What the task requires
Would you please output the lines from the one holding "https://img.miyanlife.com/mnt/timg/191222/134T61547-5.jpg" to the end of the entries, exactly and with no others?

Data provided
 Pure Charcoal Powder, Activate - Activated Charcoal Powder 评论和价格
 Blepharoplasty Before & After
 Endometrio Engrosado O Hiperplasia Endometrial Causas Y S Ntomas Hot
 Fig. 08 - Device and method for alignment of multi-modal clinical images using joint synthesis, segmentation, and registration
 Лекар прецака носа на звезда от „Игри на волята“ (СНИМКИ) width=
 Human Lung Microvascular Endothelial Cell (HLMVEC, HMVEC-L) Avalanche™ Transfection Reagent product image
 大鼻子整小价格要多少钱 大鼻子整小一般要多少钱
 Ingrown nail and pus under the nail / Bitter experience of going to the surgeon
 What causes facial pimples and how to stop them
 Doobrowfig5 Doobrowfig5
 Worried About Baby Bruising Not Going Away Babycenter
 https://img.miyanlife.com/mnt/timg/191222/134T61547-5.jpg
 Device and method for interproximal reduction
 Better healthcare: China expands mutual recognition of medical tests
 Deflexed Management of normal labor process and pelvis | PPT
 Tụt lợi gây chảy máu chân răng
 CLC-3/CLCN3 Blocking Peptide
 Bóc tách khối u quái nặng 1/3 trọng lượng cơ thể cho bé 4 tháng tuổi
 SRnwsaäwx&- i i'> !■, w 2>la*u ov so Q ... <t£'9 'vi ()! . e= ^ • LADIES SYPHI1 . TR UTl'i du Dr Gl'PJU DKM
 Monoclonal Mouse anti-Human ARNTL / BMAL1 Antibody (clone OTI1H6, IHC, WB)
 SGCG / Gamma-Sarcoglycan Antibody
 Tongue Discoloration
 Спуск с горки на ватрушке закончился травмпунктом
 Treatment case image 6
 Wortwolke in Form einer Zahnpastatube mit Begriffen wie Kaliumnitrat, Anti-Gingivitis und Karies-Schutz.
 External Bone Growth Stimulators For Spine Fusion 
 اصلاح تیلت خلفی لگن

Result of the exercise
 https://img.miyanlife.com/mnt/timg/191222/134T61547-5.jpg
 Device and method for interproximal reduction
 Better healthcare: China expands mutual recognition of medical tests
 Deflexed Management of normal labor process and pelvis | PPT
 Tụt lợi gây chảy máu chân răng
 CLC-3/CLCN3 Blocking Peptide
 Bóc tách khối u quái nặng 1/3 trọng lượng cơ thể cho bé 4 tháng tuổi
 SRnwsaäwx&- i i'> !■, w 2>la*u ov so Q ... <t£'9 'vi ()! . e= ^ • LADIES SYPHI1 . TR UTl'i du Dr Gl'PJU DKM
 Monoclonal Mouse anti-Human ARNTL / BMAL1 Antibody (clone OTI1H6, IHC, WB)
 SGCG / Gamma-Sarcoglycan Antibody
 Tongue Discoloration
 Спуск с горки на ватрушке закончился травмпунктом
 Treatment case image 6
 Wortwolke in Form einer Zahnpastatube mit Begriffen wie Kaliumnitrat, Anti-Gingivitis und Karies-Schutz.
 External Bone Growth Stimulators For Spine Fusion 
 اصلاح تیلت خلفی لگن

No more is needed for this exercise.